Learning to cut your losses is a big one too, according to Baum. “That’s a huge lesson from Wall Street that I think should apply to everybody.” She emphasized that this means not just bailing when you realize things aren’t working out, but doing advance planning. On Wall Street, she said, “when you put a trade on, you know exactly what you’re looking for, where you’re looking to make profit, and also where you’re looking to stop a loss.”
She referenced a Yogi Berra quote, only partly tongue-in-cheek: “‘If you don’t know where you are going, you’ll end up someplace else.’”
Transforming the “Cocktail Concierge”
Baum also acknowledged some key differences between traders and entrepreneurs. She noted that much of her advice — recognizing value where it really lies, assessing clear-headedly how your product fits into the world, and being ready to cut your losses — is easier on Wall Street where after all, “you’re dealing with someone else’s money.” The financial and emotional investment involved in entrepreneurship can stymie progress.
“This is the toughest thing that [entrepreneurs] get stuck on: They can’t get over sometimes that their great idea isn’t working.” Being flexible is key to success, said Baum. “You can’t say this is it, this is exactly how it’s going to look when I put it on the shelf or introduce it to the public. You have to be able to change and adapt.” She asserted that many of today’s successful products are dramatically different from their inventor’s original concept.
“We took the rules we learned on the trading floor and applied them to entrepreneurial management.”

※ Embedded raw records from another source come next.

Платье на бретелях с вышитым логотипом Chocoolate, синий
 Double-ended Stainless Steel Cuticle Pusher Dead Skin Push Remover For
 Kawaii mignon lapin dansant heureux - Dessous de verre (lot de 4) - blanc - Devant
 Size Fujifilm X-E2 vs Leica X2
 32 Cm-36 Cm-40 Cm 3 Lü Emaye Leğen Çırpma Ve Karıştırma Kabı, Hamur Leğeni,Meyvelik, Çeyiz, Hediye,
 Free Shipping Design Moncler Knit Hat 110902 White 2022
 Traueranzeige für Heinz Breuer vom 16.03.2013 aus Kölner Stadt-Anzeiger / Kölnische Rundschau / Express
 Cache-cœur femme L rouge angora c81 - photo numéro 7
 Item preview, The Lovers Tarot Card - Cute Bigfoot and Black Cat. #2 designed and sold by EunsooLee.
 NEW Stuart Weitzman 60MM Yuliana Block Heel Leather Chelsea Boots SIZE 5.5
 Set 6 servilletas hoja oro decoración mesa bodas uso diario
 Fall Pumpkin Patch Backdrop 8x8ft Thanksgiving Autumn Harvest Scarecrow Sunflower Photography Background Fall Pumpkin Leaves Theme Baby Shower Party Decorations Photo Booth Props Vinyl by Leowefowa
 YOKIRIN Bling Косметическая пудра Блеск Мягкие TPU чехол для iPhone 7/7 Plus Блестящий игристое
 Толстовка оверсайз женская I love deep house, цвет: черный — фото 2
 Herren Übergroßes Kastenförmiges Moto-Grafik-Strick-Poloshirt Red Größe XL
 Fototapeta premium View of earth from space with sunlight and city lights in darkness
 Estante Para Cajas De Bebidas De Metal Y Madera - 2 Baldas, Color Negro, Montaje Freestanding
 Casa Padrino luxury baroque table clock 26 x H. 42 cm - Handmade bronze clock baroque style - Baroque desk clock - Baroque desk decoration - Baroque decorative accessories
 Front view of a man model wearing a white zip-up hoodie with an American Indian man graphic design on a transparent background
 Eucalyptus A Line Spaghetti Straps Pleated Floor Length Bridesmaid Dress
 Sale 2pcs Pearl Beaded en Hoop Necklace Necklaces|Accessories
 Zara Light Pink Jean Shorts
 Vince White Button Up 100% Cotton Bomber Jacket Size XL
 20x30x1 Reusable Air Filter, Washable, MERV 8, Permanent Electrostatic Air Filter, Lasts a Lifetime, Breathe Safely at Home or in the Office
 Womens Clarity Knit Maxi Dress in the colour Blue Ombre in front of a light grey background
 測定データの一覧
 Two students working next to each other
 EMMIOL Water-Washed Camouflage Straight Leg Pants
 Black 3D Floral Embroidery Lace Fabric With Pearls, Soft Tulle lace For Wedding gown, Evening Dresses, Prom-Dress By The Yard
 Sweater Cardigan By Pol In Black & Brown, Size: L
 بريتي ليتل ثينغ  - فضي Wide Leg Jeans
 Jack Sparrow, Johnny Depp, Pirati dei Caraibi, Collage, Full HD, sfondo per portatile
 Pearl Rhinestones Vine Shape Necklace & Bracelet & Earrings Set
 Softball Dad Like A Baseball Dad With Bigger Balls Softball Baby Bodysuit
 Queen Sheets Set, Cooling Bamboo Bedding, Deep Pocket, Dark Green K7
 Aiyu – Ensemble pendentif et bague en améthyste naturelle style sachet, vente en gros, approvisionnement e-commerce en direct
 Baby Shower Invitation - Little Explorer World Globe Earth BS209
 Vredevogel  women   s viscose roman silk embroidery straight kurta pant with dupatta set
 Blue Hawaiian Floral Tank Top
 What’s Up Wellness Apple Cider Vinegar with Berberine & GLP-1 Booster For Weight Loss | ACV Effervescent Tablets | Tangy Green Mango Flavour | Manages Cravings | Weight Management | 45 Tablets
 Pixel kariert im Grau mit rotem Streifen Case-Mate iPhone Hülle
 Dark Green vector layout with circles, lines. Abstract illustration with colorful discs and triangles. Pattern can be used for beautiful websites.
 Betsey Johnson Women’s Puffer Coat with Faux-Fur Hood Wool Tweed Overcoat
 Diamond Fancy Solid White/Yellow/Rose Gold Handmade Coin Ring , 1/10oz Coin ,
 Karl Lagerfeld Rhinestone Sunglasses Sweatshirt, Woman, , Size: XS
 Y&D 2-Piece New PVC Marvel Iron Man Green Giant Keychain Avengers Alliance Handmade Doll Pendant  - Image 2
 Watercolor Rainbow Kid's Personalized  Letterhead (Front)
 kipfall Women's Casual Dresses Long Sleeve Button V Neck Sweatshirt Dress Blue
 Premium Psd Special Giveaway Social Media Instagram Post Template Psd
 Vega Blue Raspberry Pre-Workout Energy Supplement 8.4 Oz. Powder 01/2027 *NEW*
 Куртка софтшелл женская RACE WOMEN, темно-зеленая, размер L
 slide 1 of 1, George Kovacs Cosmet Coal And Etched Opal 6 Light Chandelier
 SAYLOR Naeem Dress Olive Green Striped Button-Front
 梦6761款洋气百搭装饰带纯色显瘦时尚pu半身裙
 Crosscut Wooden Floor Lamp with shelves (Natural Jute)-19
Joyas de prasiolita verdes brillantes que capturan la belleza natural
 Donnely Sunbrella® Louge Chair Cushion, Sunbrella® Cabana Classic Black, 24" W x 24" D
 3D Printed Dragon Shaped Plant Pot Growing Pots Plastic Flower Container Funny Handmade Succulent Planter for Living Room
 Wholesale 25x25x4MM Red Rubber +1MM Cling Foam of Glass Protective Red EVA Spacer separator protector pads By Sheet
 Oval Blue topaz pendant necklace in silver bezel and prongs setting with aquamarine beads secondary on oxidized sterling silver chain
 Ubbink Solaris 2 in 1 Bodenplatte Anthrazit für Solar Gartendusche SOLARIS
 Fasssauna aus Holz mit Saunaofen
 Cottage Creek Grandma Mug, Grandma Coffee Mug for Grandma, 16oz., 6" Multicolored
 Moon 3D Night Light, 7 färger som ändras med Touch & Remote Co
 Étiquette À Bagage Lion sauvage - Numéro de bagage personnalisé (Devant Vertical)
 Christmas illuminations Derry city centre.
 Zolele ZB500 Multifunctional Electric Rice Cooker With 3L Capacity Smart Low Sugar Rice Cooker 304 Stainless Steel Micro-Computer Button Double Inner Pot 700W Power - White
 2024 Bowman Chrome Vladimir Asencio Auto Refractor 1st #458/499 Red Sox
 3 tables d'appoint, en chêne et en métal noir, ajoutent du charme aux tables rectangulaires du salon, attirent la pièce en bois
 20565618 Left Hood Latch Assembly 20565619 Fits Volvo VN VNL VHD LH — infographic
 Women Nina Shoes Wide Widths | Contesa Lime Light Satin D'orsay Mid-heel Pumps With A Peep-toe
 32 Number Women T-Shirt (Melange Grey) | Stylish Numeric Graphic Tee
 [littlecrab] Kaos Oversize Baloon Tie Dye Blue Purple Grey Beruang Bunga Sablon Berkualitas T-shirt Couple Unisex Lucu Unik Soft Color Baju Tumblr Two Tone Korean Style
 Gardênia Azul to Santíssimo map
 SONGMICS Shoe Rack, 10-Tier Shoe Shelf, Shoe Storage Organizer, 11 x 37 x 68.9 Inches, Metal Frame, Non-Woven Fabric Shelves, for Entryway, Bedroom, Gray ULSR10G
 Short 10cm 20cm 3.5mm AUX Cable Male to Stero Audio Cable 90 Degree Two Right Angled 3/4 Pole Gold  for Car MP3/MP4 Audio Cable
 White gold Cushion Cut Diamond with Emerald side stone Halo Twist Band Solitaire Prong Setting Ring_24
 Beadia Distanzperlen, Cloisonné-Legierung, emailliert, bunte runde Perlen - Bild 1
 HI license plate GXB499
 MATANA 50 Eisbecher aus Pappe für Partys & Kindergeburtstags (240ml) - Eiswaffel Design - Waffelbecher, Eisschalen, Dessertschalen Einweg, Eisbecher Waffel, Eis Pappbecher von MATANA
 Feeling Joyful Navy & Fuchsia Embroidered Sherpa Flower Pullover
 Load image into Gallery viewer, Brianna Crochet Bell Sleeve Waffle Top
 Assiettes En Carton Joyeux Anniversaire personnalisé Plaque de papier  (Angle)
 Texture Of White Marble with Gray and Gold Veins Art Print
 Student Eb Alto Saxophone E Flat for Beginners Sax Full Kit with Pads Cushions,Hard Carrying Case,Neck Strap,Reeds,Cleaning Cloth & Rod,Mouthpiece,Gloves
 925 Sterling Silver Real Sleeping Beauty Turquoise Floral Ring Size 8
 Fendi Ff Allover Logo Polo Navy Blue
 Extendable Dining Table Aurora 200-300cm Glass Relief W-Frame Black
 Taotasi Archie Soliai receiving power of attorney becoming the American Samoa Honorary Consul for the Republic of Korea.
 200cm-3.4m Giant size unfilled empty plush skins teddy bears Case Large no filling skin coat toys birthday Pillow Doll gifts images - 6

The story of her co-founded product Splash Mixers illustrates that point. Splash’s website shows a row of slim, elegant white bottles with the description, “A great-tasting, all-natural and low-calorie cocktail mixer that simplifies the art of making the perfect cocktail, anytime, anywhere.” According to Baum, the person who brought her the idea initially had something quite different in mind: “the ‘Cocktail Concierge’… It was a big machine that would sit on your counter and make cocktails.”
“I said, well I like this idea, but can you do this, can you change that. And over two years we tweaked it so much that it was completely different. It doesn’t have the same name, it’s not even the same product. But, it’s going to be a huge hit, because we worked together on this journey.” The Splash launch received coverage in The Wall Street Journal, Glamour, and US Weekly, among other publications.
At the same time, Baum continues to build the Tracy Anderson brand as its CEO, a position she assumed about two years ago. She views herself as an entrepreneur within the company. “We’re launching new products — we have protein bars and shakes on the shelves in Target, which are a huge success that we’re about to roll out everywhere else now.” The company is also working on an apparel line.
Baum noted that the term “lifestyle brand” tends to be over-used, but in this case it applies. “People look to [Tracy Anderson] to know what to eat and what to wear, besides what kind of workout to do.” She is also building new fitness studios and expanding them to include cafes, drawing on her experience with commercial and residential real estate: “I know what to look for, I know what to do, I feel really comfortable in that space.”
One of Baum’s early innovations at Tracy Anderson was to mount a camcorder in Anderson’s master class and broadcast the video to a global audience who subscribed to the streaming service. She did this with an eye toward how the world is changing, citing a trend away from DVDs. “[DVDs] are not going to exist for all that long,” she said. Baum is watching — as always — “what’s next in terms of staying ahead of the curve.”